▶ [Records shown]:
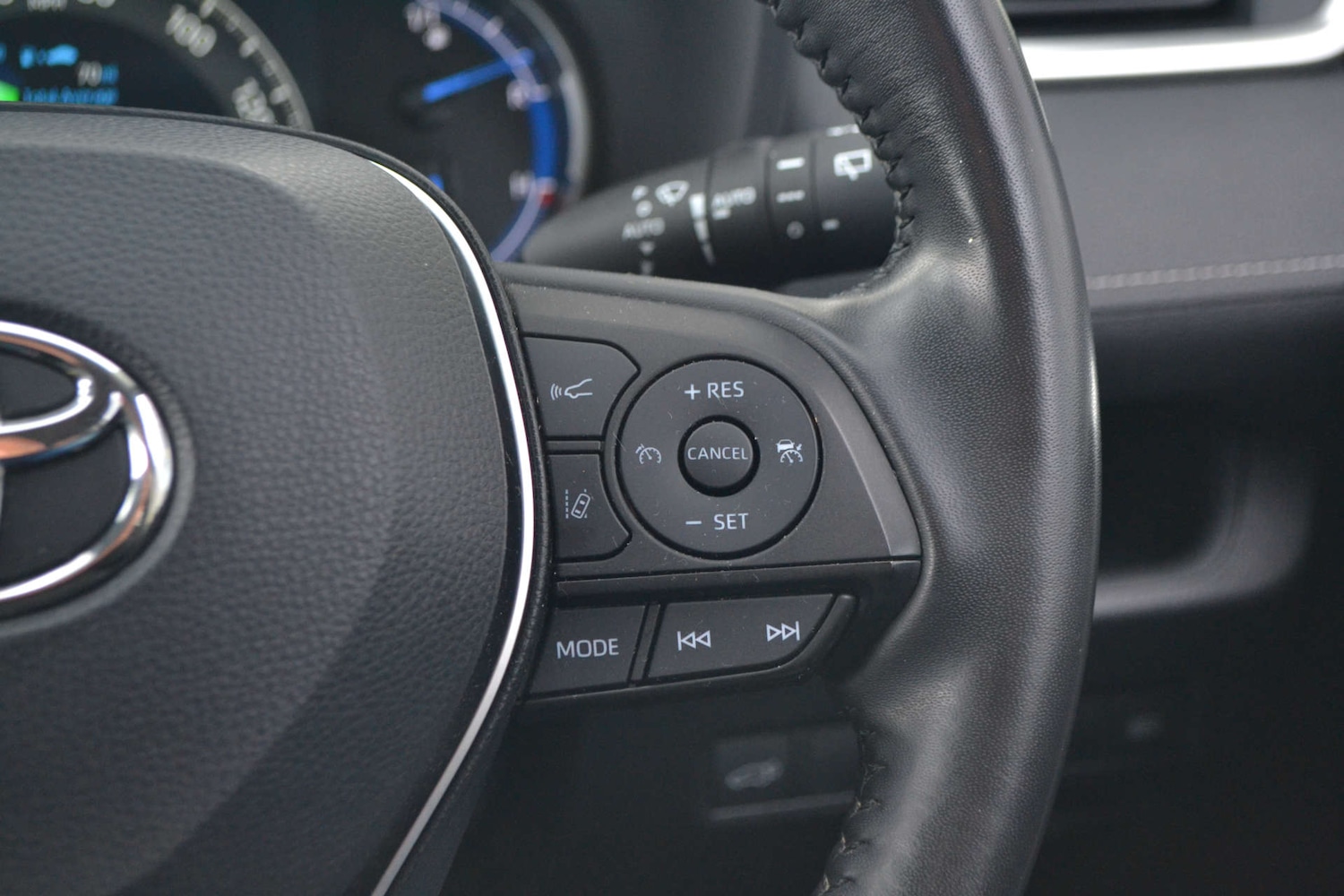 Used Toyota RAV4 2021 for sale - 76618170: Photo 41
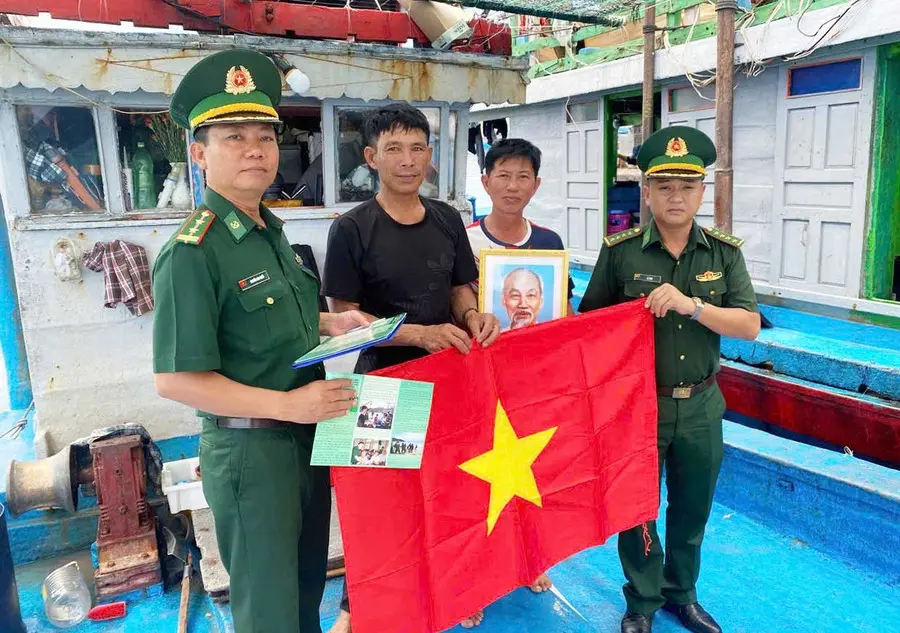 Đẩy Mạnh Tiến Độ Đăng Ký Tàu Cá và Cấp Giấy Phép Khai Thác Thủy Sản: Giải Pháp Cho Ngành Thủy Sản Gia Lai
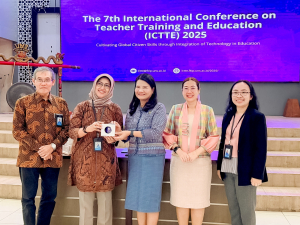 มรภ.เทพสตรี ร่วมลงนามบันทึกข้อตกลงความร่วมมือกับ Universitas Sebelas Maret ประเทศอินโดนีเซีย โอกาสนี้ อธิการบดีร่วมบรรยายพิเศษในงาน The 7th International Conference on Teacher Training and Education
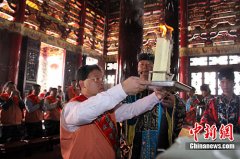 台湾彰化市长率道教朝圣团到泉州祖庭谒拜进香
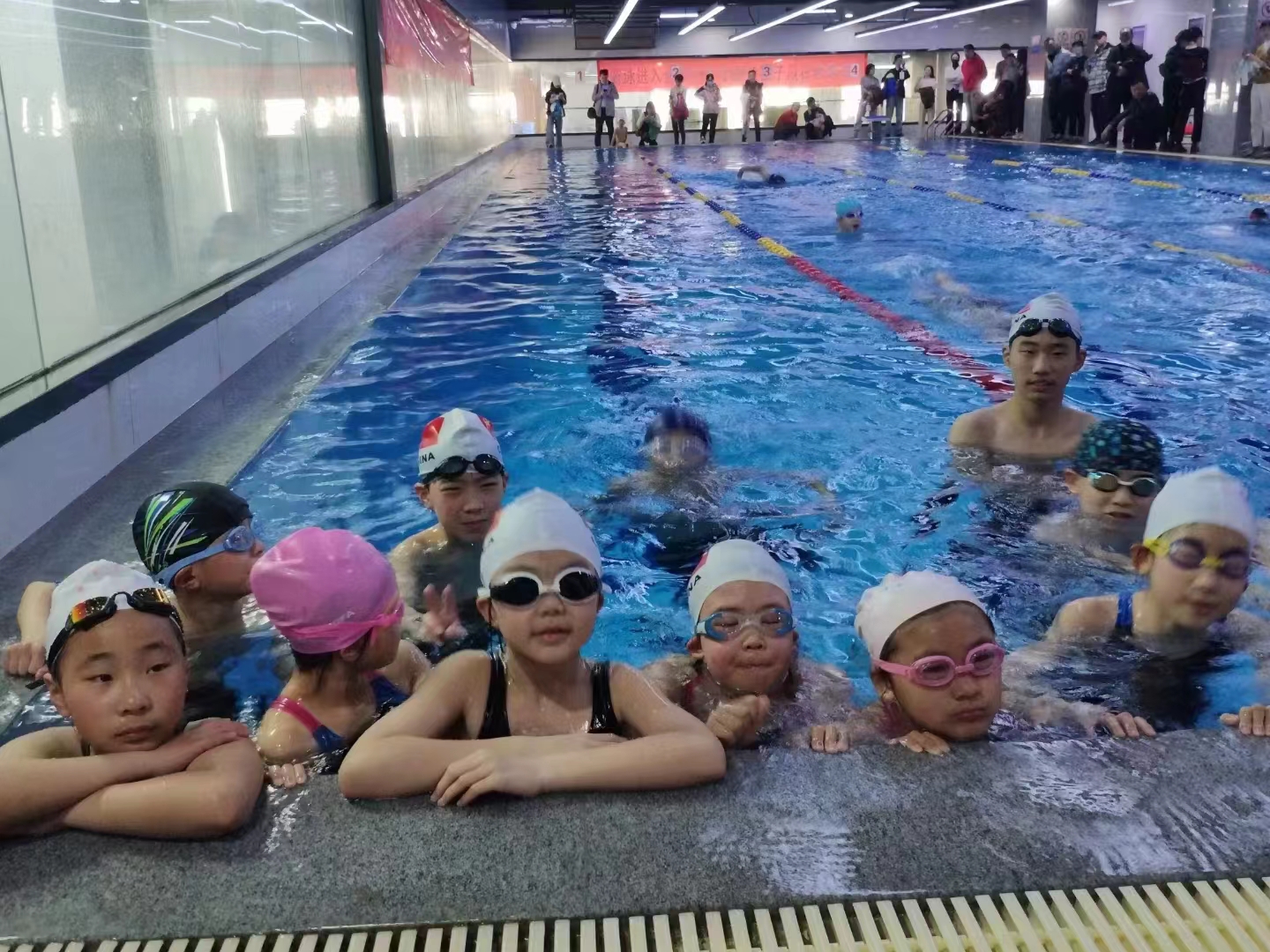 六合区全民健身中心游泳馆长训班在2023年南京江北新区游泳俱乐部比赛中获得佳绩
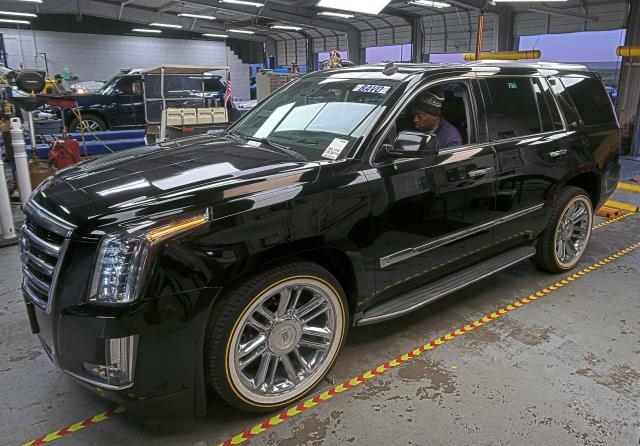 2015 Cadillac Escalade Luxury 1SB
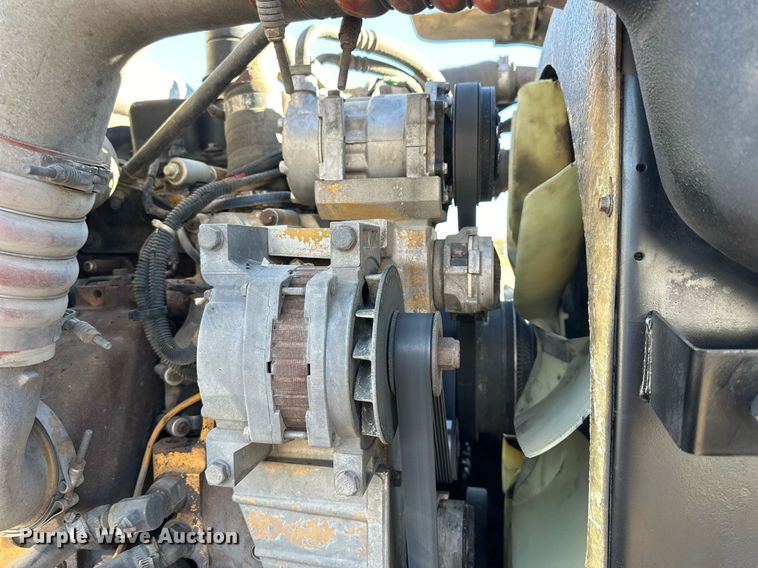 image for item OK9028 2004 Peterbilt 379  semi truck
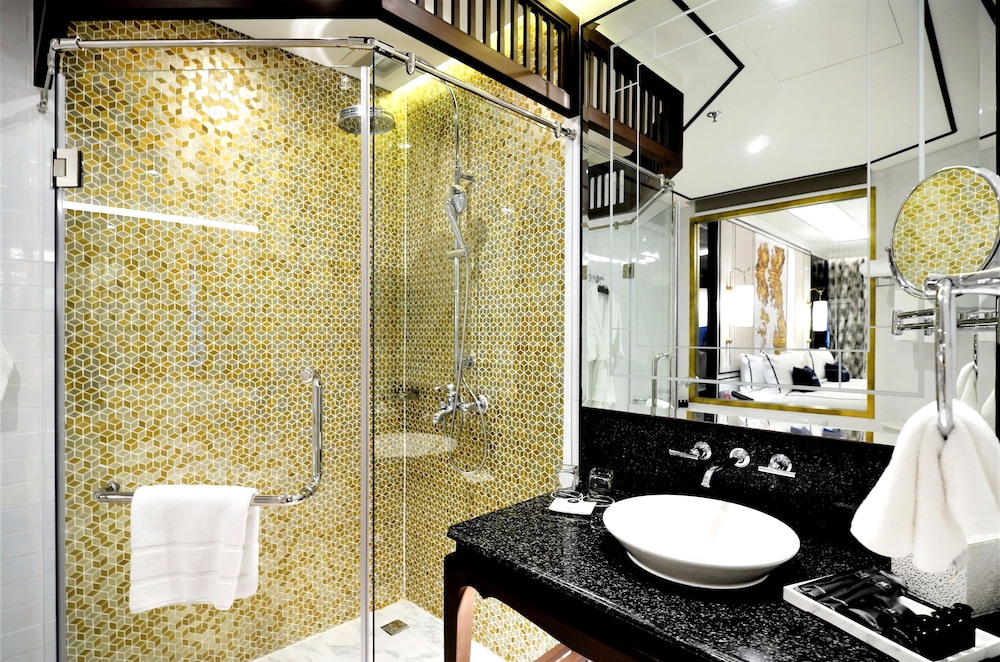 SUITE FAMILIAR, 1 Cama King Size y 2 Camas Individuales del hotel Mövenpick Myth Hotel Patong Phuket. Foto 13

▶ [Task to complete]:
Only the lines from the line with "2015 Cadillac Escalade Luxury 1SB" through the closing line of the data, both included, should be set down, exactly as written and without pictures.

▶ [Response below]:
 2015 Cadillac Escalade Luxury 1SB
 image for item OK9028 2004 Peterbilt 379  semi truck
 SUITE FAMILIAR, 1 Cama King Size y 2 Camas Individuales del hotel Mövenpick Myth Hotel Patong Phuket. Foto 13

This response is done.